When the Red Rooster opened, the “Starbucks movement” — fancy coffee shops on every corner — was just beginning to hit the Midwest, and though Dan admits they didn’t necessarily agree with everything Starbucks was about, he will say that people did become more aware of coffee through that avenue. They became more interested in their local coffee houses.

Dan and Kileen have stayed true to their beliefs and to their original idea of what a coffee house should be since the beginning.

“We’ve never been ones to sacrifice our values to make a buck,” said Dan passionately.

This ideology has created a community of very loyal patrons. People appreciate the way the Cleberg’s run their business. Dan and Kileen often turn to their Red Rooster community when thinking about new projects. They embrace the input, which will often take them in slightly different directions than they had originally planned and they say that’s just fine.

Dan added, “What we’re doing is an expression of our world view and our passion for life. We just want to project community, taking care of people and taking care of the Earth.”

The Red Rooster has been involved in fair trade coffee and goods for many years. They began to explore the idea of fair trade in the late 90s and began with coffee and expanded to their gift shop soon after. They are proud to support this movement and it’s one example of Dan and Kileen sticking completely to something they believe in. They could probably have a slightly higher profit margin by purchasing their coffee and goods through other means, but that isn’t the point. They support things they believe in. Some things take priority over the bottom line.

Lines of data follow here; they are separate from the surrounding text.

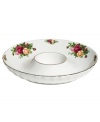 Since 1962, the Old Country Roses collection has graced tables with fresh blooms. From Royal Albert dinnerware, the dishes have sprays of colorful English roses that flourish today, garnishing this elegant chip and dip for tortilla chips, guacamole and other perennial favorites. Accented with 22-karat gold.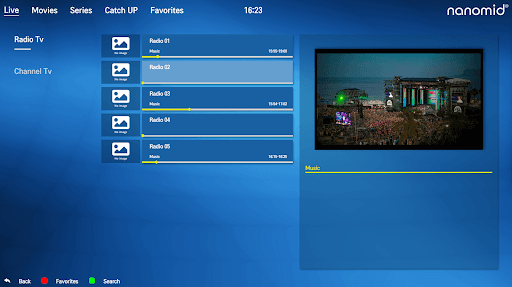 Nanomid IPTV Player screenshot 3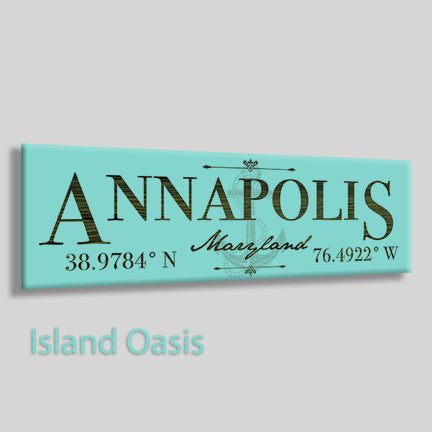 FP1518 - Annapolis, Maryland Anchor Engraved Stick (Bronze)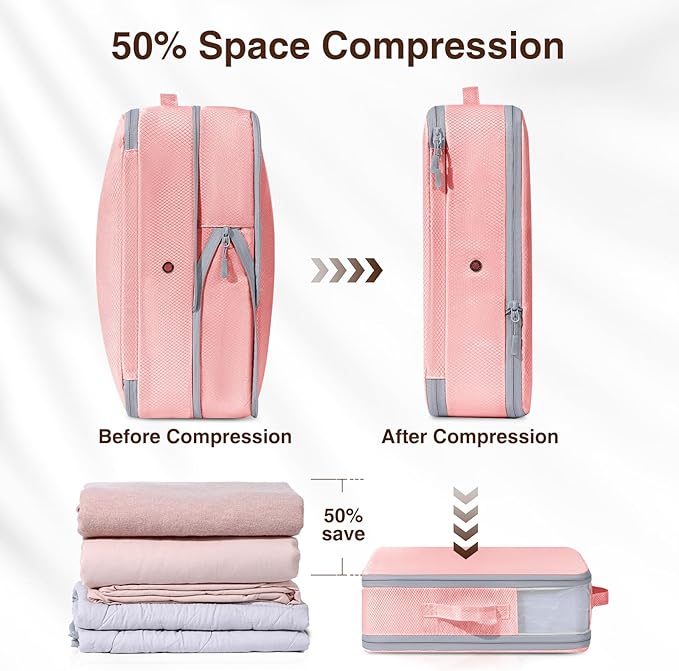 DIMJ Clothes Storage Bag 8 Pack, 19L Compression Storage Bags - Image 3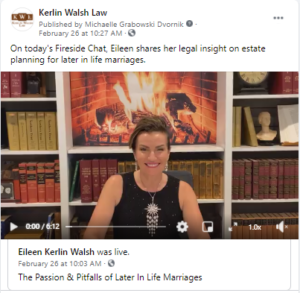 Facebook Live Fireside Chat 2-21-2021: Passion & Pitfalls of Later-In-Life Marriages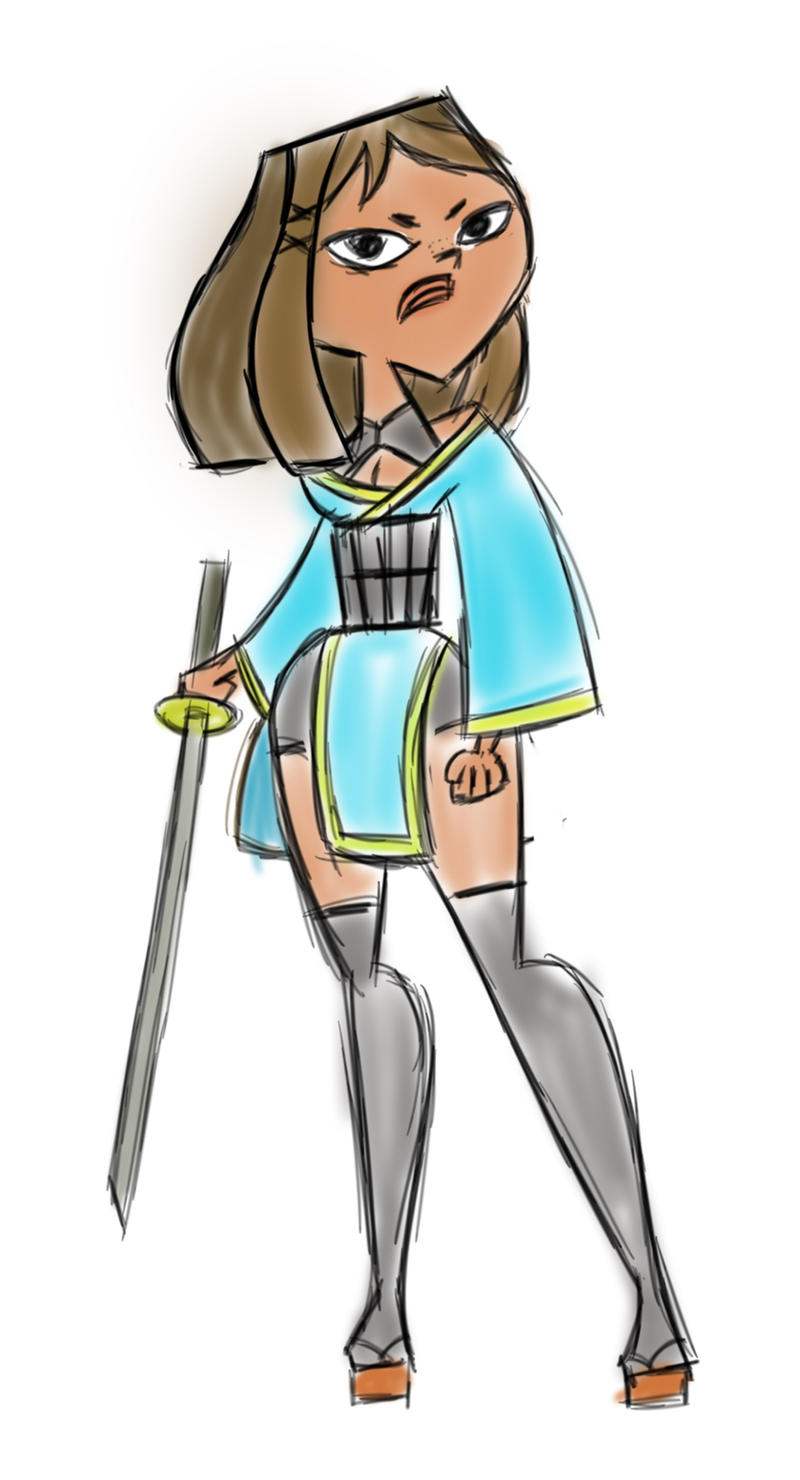 Courtney Samurai Pose (Doodle) by Gordon003 on DeviantArt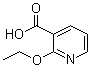 structure of CAS# 35969-54-1, 2-乙氧基-3-吡啶羧酸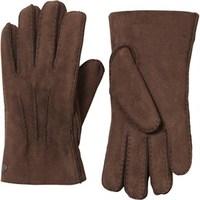 UGG Womens Gloves With Gauge Points Chocolate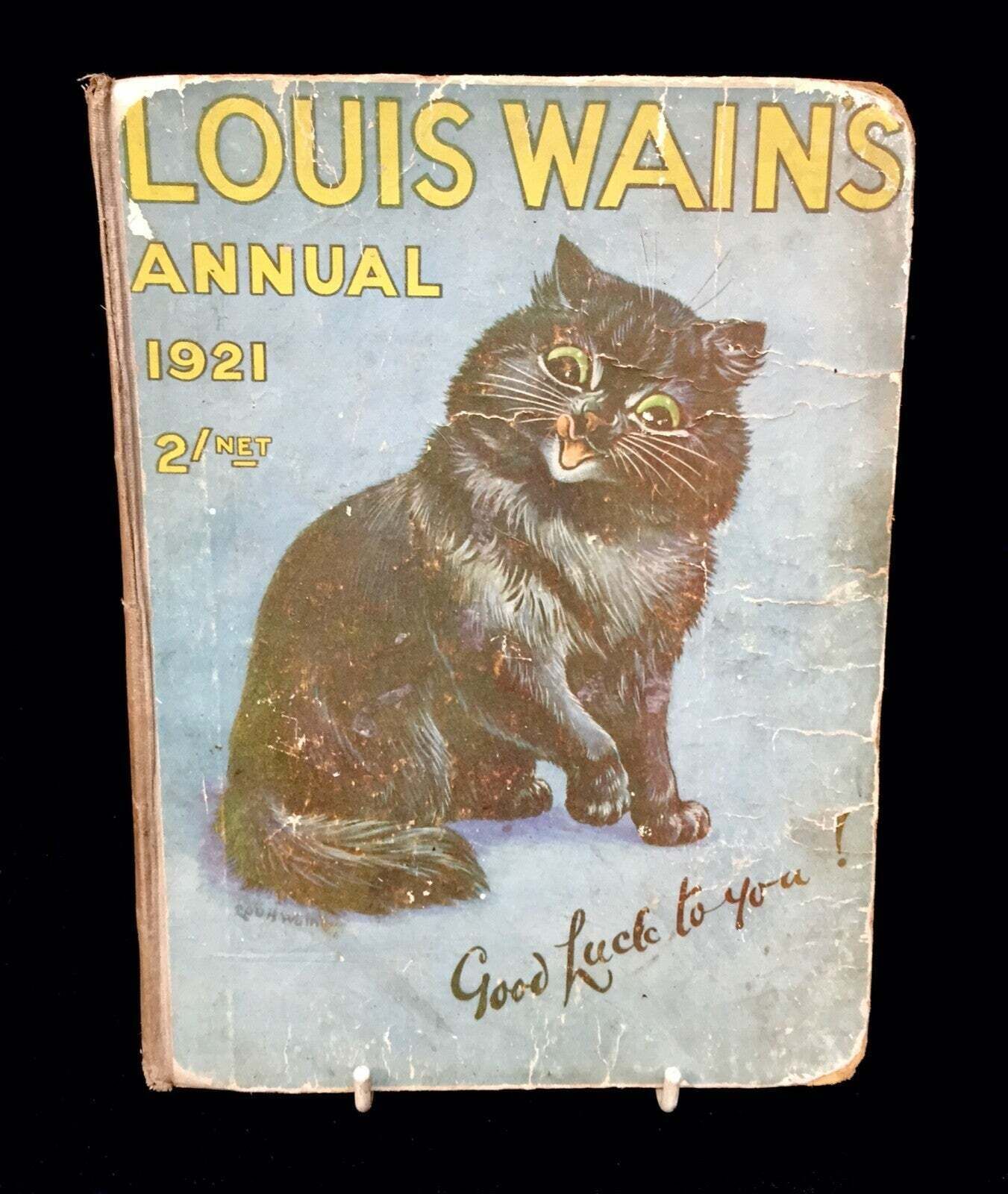 Antique Louis Wain's (Artist) Original Annual Book From 1921 / Art Deco photo furniture
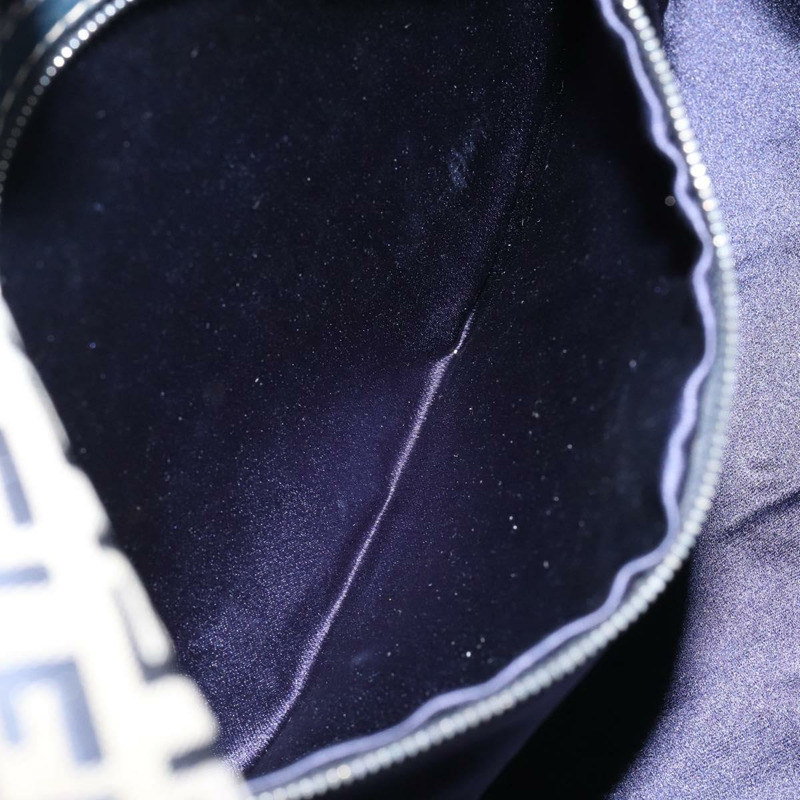 【日本直送】FENDI Zucchino帆布Mamma Baguette托特包 海軍藍 銀色 正品 147547-22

The Red Rooster plays host to many different people throughout any given day. In the morning, you’ll see a steady flow of professionals pass through on their way to work. A little later you may find a group of women meeting to knit and chat. Free Wi-Fi is available so it’s usually easy to spot some people pecking away on their laptops at about any time of day. In the evening, you’ll find some younger folks hanging around enjoying a cup of coffee and the company of friends. There’s no core demographic for the coffee house. Everyone is welcome.

Dan and Kileen schedule different events for almost every evening throughout the week. Anything from the stereotypical coffee house singer-song-writer to a film to karaoke. They are always on the lookout for new and interesting events to host. Dan said they are now just filtering the requests that come in. This is a testament to the creative environment they’ve created. Artists want to perform at their coffee house.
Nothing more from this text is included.